Investigation of event-based memory surfaces for high-speed tracking, unsupervised feature extraction and object recognition
This work addresses the problem of real-time object recognition in dynamic environments for applications like robotics or surveillance, though it is incremental in improving memory surface methods for event-based data.
The paper tackled high-speed object recognition using event-based cameras by comparing event-based and time-based decaying memory surfaces for tracking and feature extraction, achieving 98.75% recognition accuracy within 156 milliseconds using only twenty-five event-based neurons and a linear classifier.
In this paper we compare event-based decaying and time based-decaying memory surfaces for high-speed eventbased tracking, feature extraction, and object classification using an event-based camera. The high-speed recognition task involves detecting and classifying model airplanes that are dropped free-hand close to the camera lens so as to generate a challenging dataset exhibiting significant variance in target velocity. This variance motivated the investigation of event-based decaying memory surfaces in comparison to time-based decaying memory surfaces to capture the temporal aspect of the event-based data. These surfaces are then used to perform unsupervised feature extraction, tracking and recognition.

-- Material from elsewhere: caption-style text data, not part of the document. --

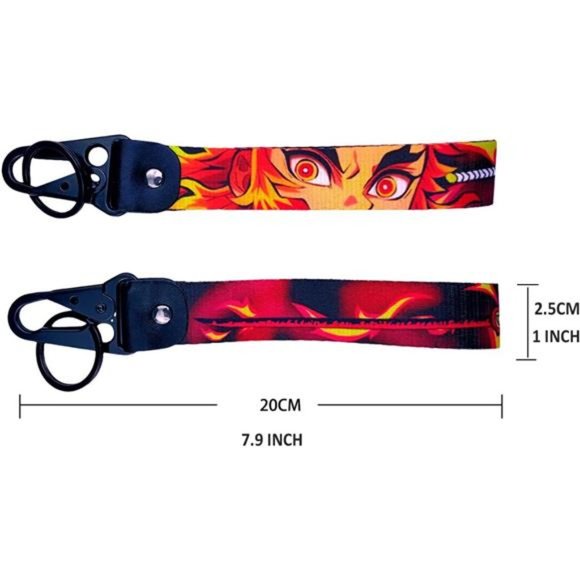 Gearcatweel 1Pack Anime JDM Motorcycle Keychain tag Nylon Keychain Strap Jet Tag - Picture 2 of 7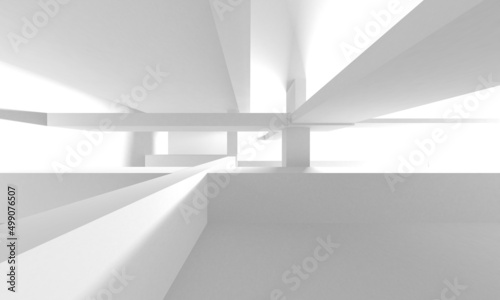 White Modern Background. Abstract Building Concept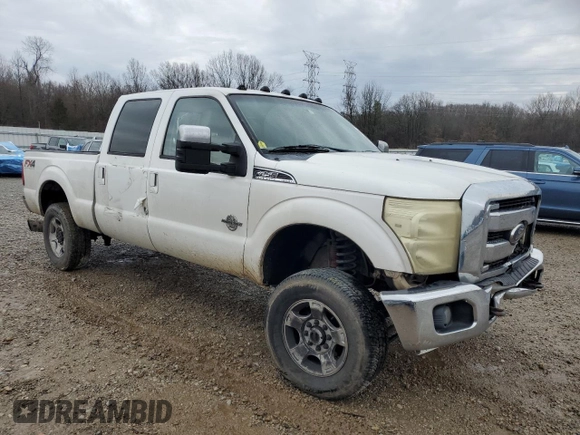 2012 Ford Super Duty F-250 SRW XL with VIN 1FT7W2BT4CEA56479, listed as a Copart auction lot 41886725 with 390,866 mi miles and Salvage Title. Bid and sale history available at carsss.com. Image 4.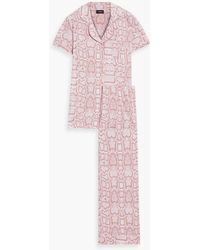 Cosabella - Bella Snake-print Pima Cotton And Modal-blend Jersey Pajama Set - Lyst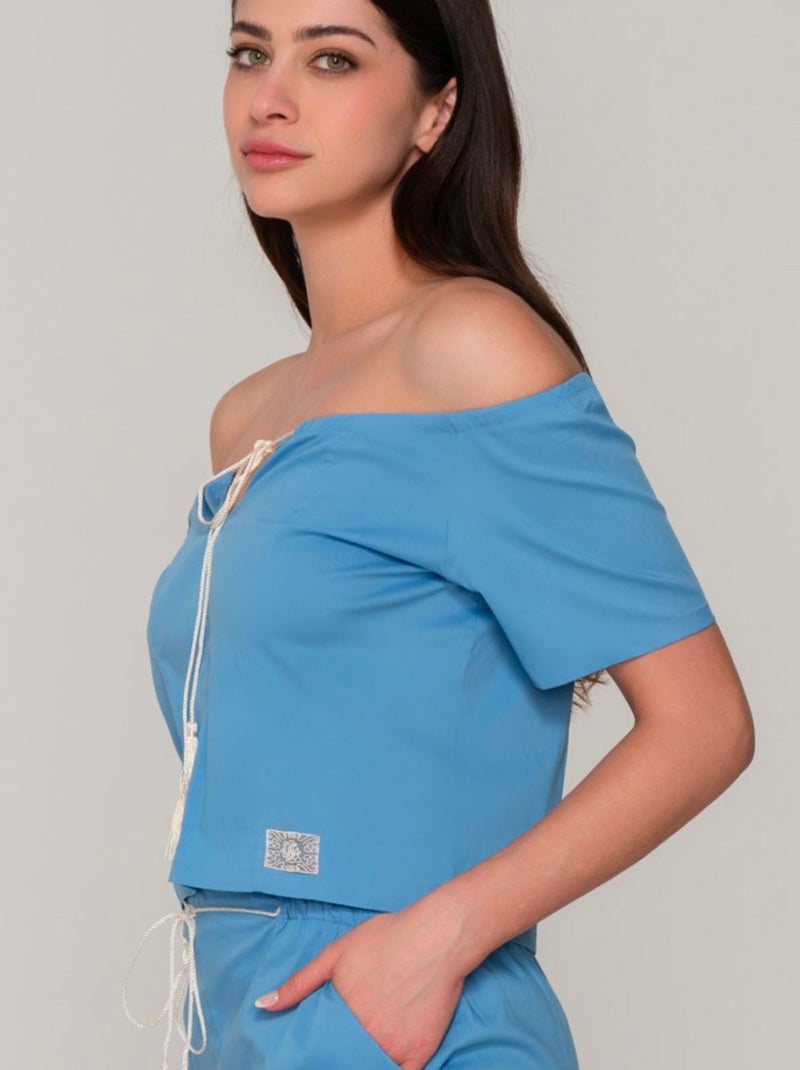 Top manches courtes GRACE Bleu - Kiabi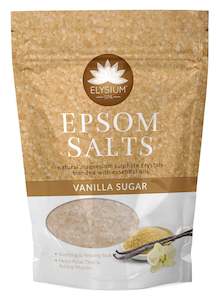 Winter Essentials 1: ELYSIUM SPA BATH SALTS VANILLA SUGAR 450G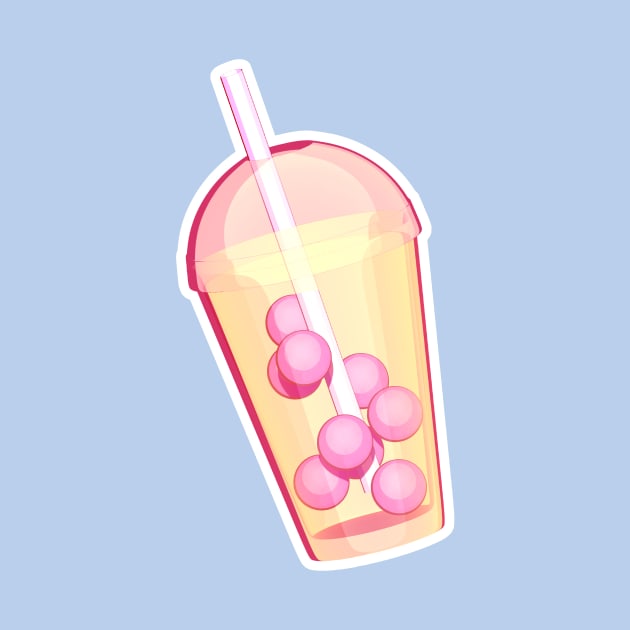 Pink Pearl Milk Tea by AKdesign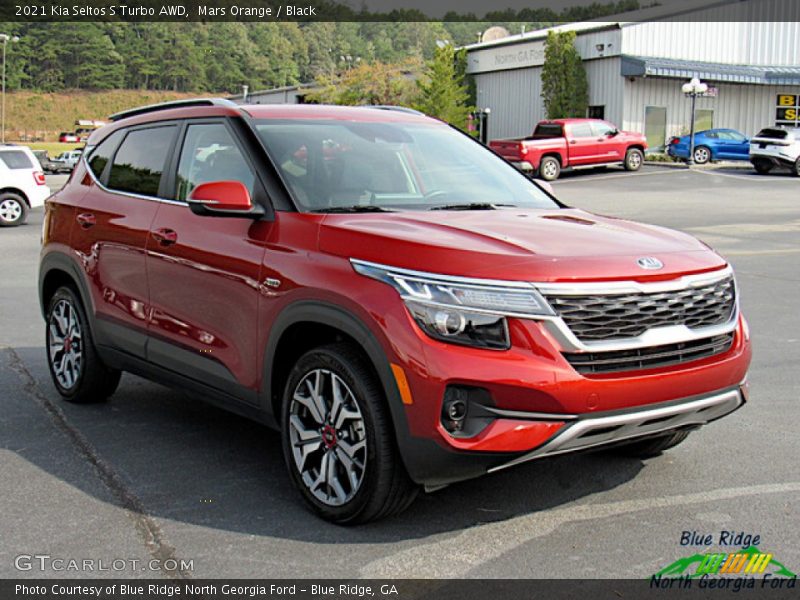 Mars Orange / Black 2021 Kia Seltos S Turbo AWD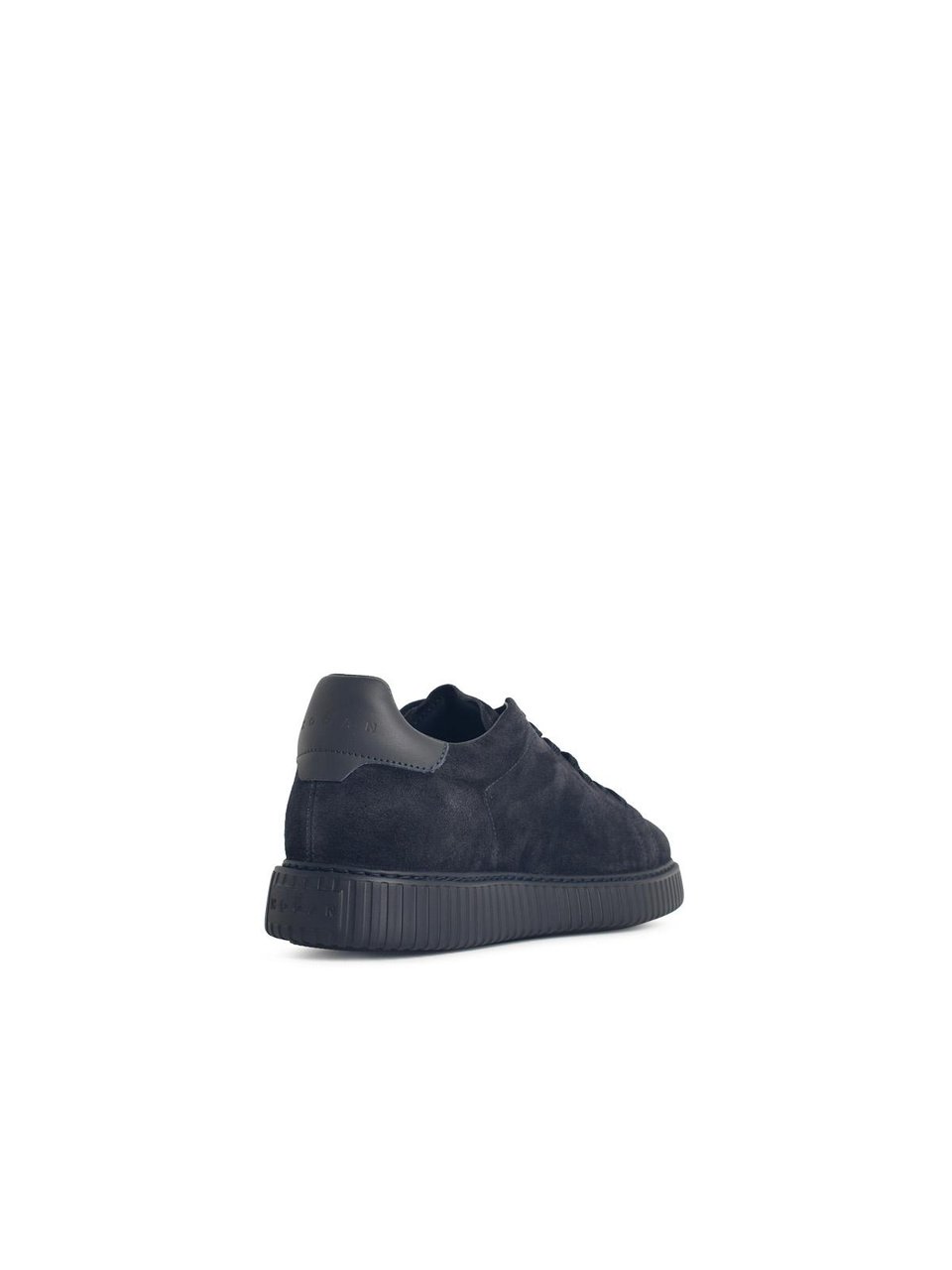 HOGAN 'H Stripes' Blue Suede Sneakers Zwart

In order to generate the memory surfaces, event binning, linearly decaying kernels, and exponentially decaying kernels were investigated with exponentially decaying kernels found to perform best. Event-based decaying memory surfaces were found to outperform time-based decaying memory surfaces in recognition especially when invariance to target velocity was made a requirement. A range of network and receptive field sizes were investigated. The system achieves 98.75% recognition accuracy within 156 milliseconds of an airplane entering the field of view, using only twenty-five event-based feature extracting neurons in series with a linear classifier. By comparing the linear classifier results to an ELM classifier, we find that a small number of event-based feature extractors can effectively project the complex spatio-temporal event patterns of the dataset to an almost linearly separable representation in feature space.